Kim Seokyoung, Senior Research Fellow at the Korea Insurance Research Institute, suggested that among personal pensions, products that pay benefits until a specific age (whole age maturity) or for a set period (term maturity) may be more reasonable than lifetime annuities.


For example, suppose a man (with a life expectancy of 80.6 years) and a woman (with a life expectancy of 86.4 years) receive personal pension benefits until their expected life expectancy. In this case, the pension payment period would need to be about 20 to 30 years. However, if a lifetime annuity is chosen, the payment period is assumed to be about 40 years, which increases the likelihood that the final pension amount will be lower. This is because insurers calculate the final age conservatively to account for longevity risk and determine the pension amount based on age-specific mortality rates. As a result, the calculated pension amount is lower than that of whole age or term maturity products. Kim stated, "Although life expectancy has increased, in reality, there are not many people who live beyond 100 years old," and added, "Since the National Pension already provides lifetime coverage, unless there are special health conditions or family history, it is appropriate to set the pension payment period to term maturity or whole age maturity."

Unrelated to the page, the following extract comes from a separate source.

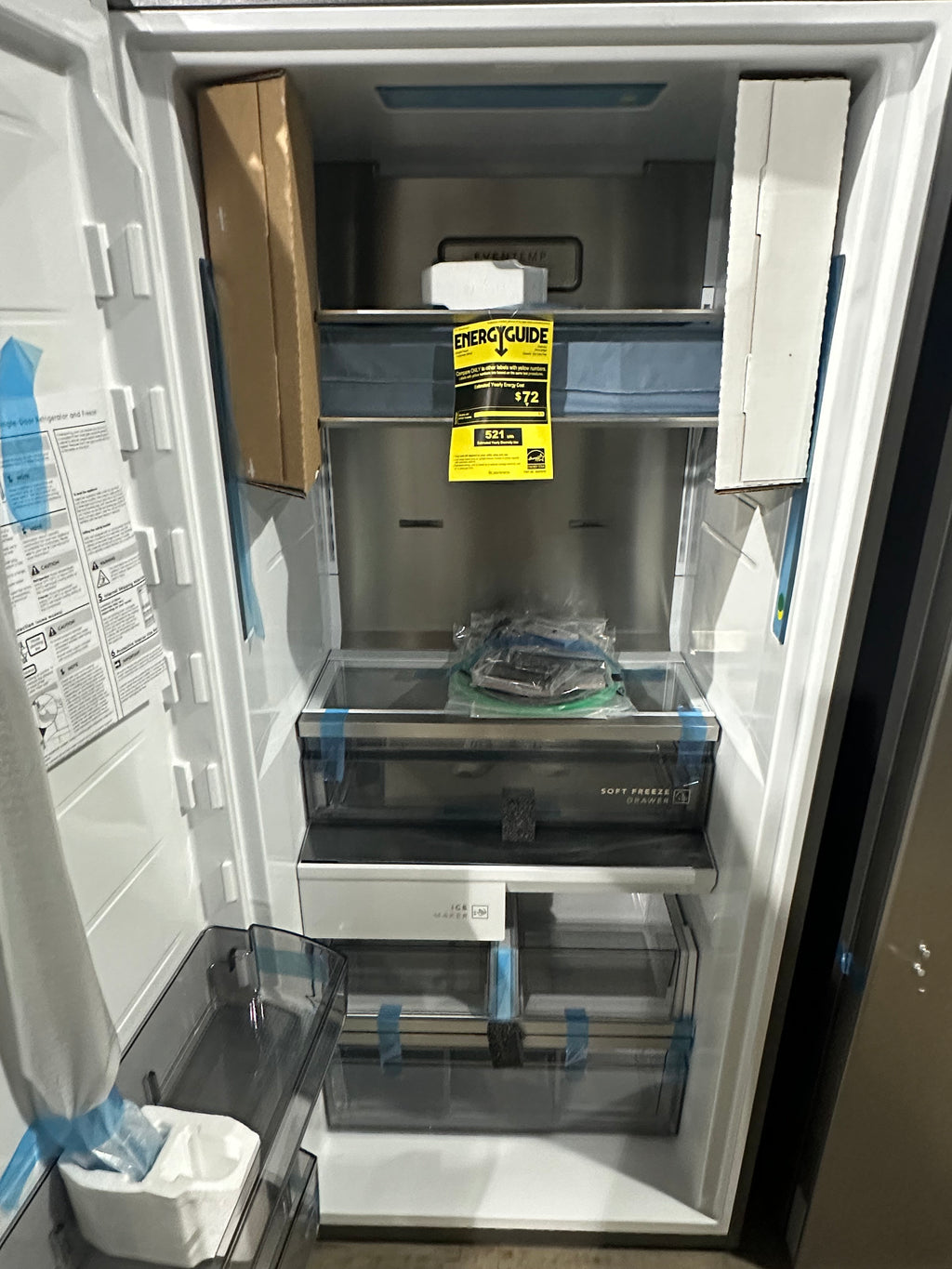 Stainless Steel Side-by-Side Column Refrigerator and Freezer Set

Personal pensions can also be structured in various forms, such as early-concentration or increasing-type, depending on the policyholder's future cash needs. Kim advised, "The early-concentration type allows for larger pension payments in the early stages of the payout, which can help cover the pension gap before the National Pension begins. On the other hand, if post-retirement expenses are expected to be lower but future needs such as healthcare or nursing costs are anticipated, the increasing-type is a better choice."